Regression can be dealt with in a very similar fashion, by averaging output predicitons over discrete intervals. This has pros and cons. A pro is that it is simple, cheap and effective. A con is that you are returned with a highly discontinuous function which is prone to over fitting.
- Deploy a decision Tree Regressor using
scikit-learn
. - Review the mathematics behind the regression solution.
- Experiment with its output and identify when it over/under fits.
Constructing a regression problem
In this example, we are going off peast with a bespoke continuous function which we shall sample 50 times with Gaussian noise.
def sigmoid(x):
return 1/(1 + np.exp(-x))
def demo(x):
return sigmoid(x - 20) + 0.5 * sigmoid(10-x)
# Demo problem
NUM_SAMPLES = 50
NOISE = 0.07
np.random.seed(31)
X_true = np.linspace(0, 30, 1000)
y_true = demo(X_true)
X_train = np.linspace(0, 30, NUM_SAMPLES).reshape(-1, 1)
y_train = demo(X_train) + np.random.normal(0, NOISE, X_train.shape)
print('x shape: ', X_train.shape)
print('y shape: ', y_train.shape)
gt, = plt.plot(X_true, y_true, 'g', linewidth=2)
scat = plt.scatter(X_train, y_train, marker='.')
plt.legend([scat, gt], ['Data', 'Ground Truth'])
plt.show()
Figure 1. Sample regression data with three plateaux.
We have chosen this function to exhibit the nature of how a decision tree fits to continuous data: in summary, discretely.

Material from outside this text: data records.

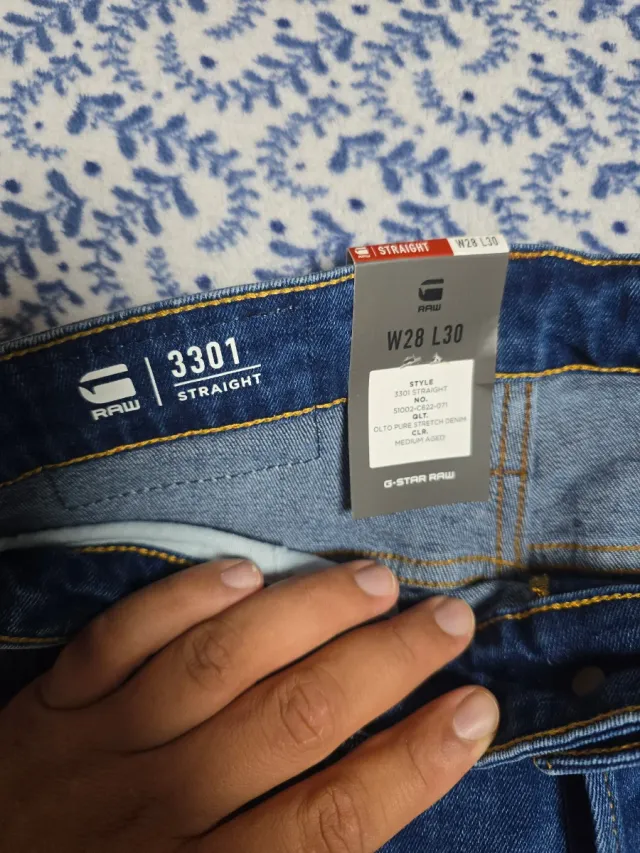 Jeans G-Star RAW 3301 Straight W28 L30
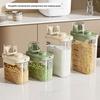 Dry Food Dispenser with Handle Moisture Proof & Dust-proof Transparent Rice Grain Bucket Large Capacity Plastic Storage Tank for Flour Soybean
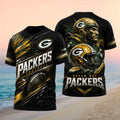Green Bay Packers Football Vintage Helmet Graphic Shirt - Limotees LLC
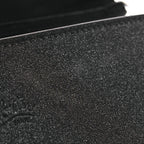 Suede Glitter Calfskin Embellished Paloma Clutch Black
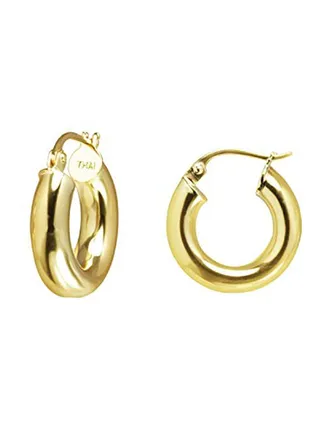 Tube Hoop Earrings 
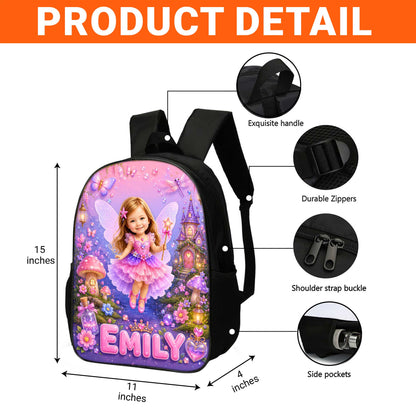 Personalized Photo Kid Back To School, Backpack For Kids UKUU6290603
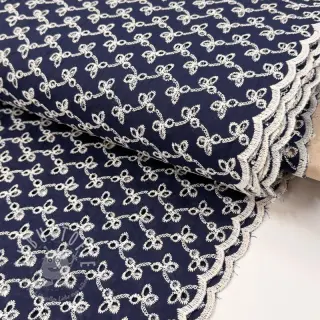 Baumwollstoff EMBROIDERY Rosemary navy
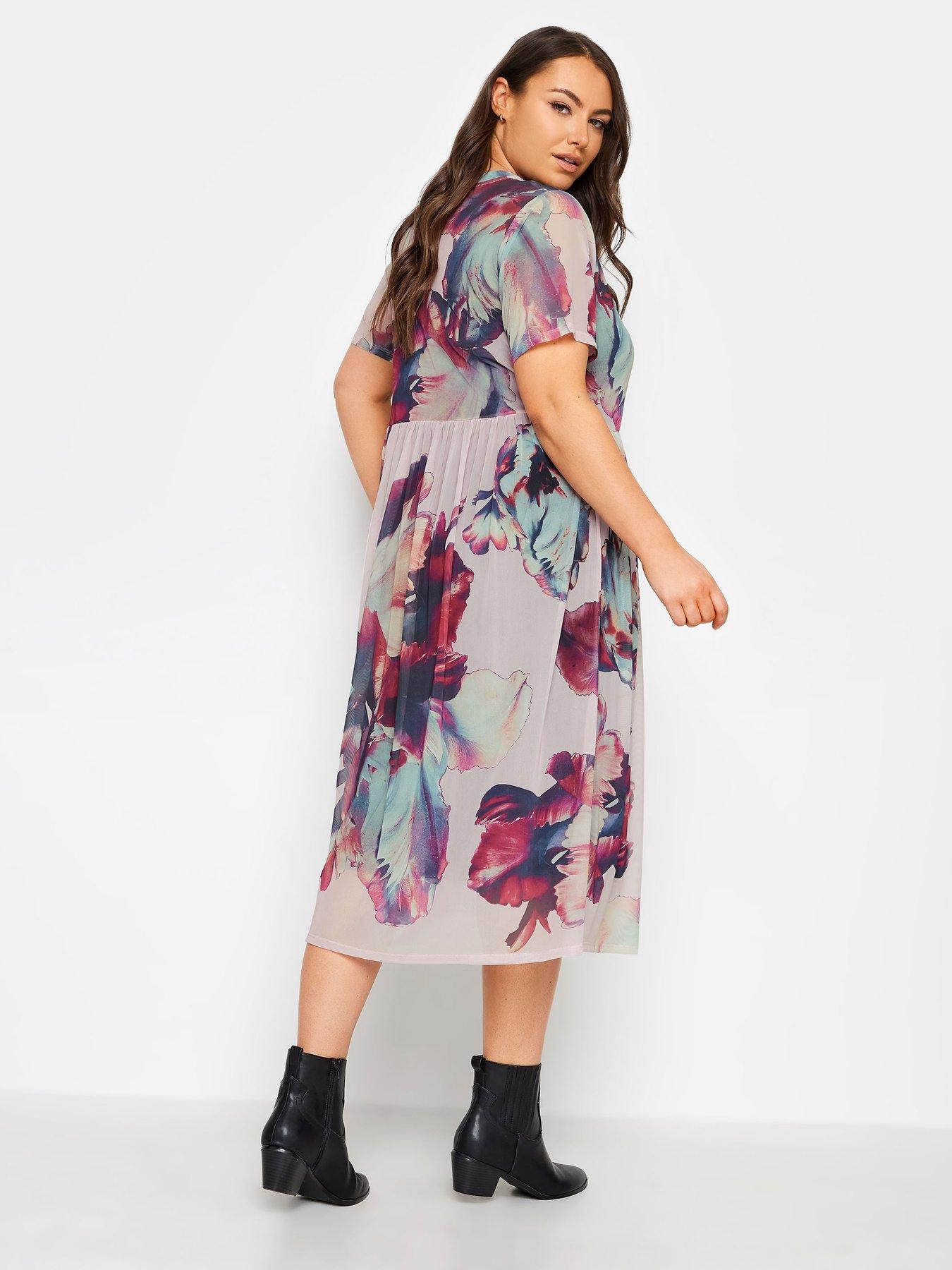 Layered smock hot sale dress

We are hoping our model shall find each of the three flat parts. The we shall extend its freedom and inspect the outcome when it over fits.
Training the Regressor
Just as before we use the scikit-learn
implementatino alongside the graphviz
package to visualise the tree.
import graphviz
from sklearn.tree import DecisionTreeRegressor, export_graphviz
model = DecisionTreeRegressor(random_state=31, max_depth=10)
model.fit(X_train, y_train)
gv = export_graphviz(model, out_file=None)
graph = graphviz.Source(gv)
graph
Figure 2. A graph of the tree regressor.
In the tree diagram we can see that the data still has many samples on each (terminal) leaf node and has significantly reduced the error at each stage. A good sign that we are well approximating the dataset.
To plot the output, we inspect the prediction function alongside the slitting thresholds.
y_pred = model.predict(X_true.reshape(-1, 1))
gt, = plt.plot(X_true, y_true, 'g', linewidth=2)
pred, = plt.plot(X_true, y_pred, '--r', linewidth=1.5)
scat = plt.scatter(X_train, y_train, marker='.')
split = plt.axvline(
x=model.tree_.threshold[0] - 0.03, color='peru', linewidth=2.5, linestyle='-'
)
plt.axvline(
x=model.tree_.threshold[1], color='peru', linewidth=2.5, linestyle='-'
)
plt.legend(
[scat, gt, pred],
['Data', 'Ground Truth', 'Prediction'],
)
plt.show()
Figure 3. Output prediction of a 3-leaf node regressor.
Validation
We measure the success with the R2-score between predictions and ground truth.
from sklearn.metrics import r2_score
np.random.seed(33)
X_test = np.linspace(0, 30, NUM_SAMPLES).reshape(-1, 1)
y_test = demo(X_test) + np.random.normal(0, NOISE, X_test.shape)
r2_test = r2_score(y_test, model.predict(X_test))
r2_train = r2_score(y_train, model.predict(X_train))
print(f'R2 score (train): {r2_train:.2f}')
print(f'R2 score (test): {r2_test:.2f}')
R2 score (train): 0.88
R2 score (test): 0.87
We observe very close values. There is significant correlation between the output and input, but as the value is held on the test set, we don't expect overfitting.
Over saturated regression trees
Now let's lift the limit on the tree's predictive power and allow
max_depth = 10
with no restriction on max_leaf_nodes
. From the output, it is clear the model has over fit.
Figure 4. An over-fit regression tree.
Each training point now has its own interval especially for it. But in high dimensions, it might be dificult to plot data in this way. We can instead detect overfitting by considering the R2 metric from before.
r2_test = r2_score(y_test, model.predict(X_test))
r2_train = r2_score(y_train, model.predict(X_train))
R2 score (train): 1.00
R2 score (test): 0.93
Whilst we have had increase in on the test set, from 0.87 to 0.93, the training data is now perfectly correlated with the model predictions.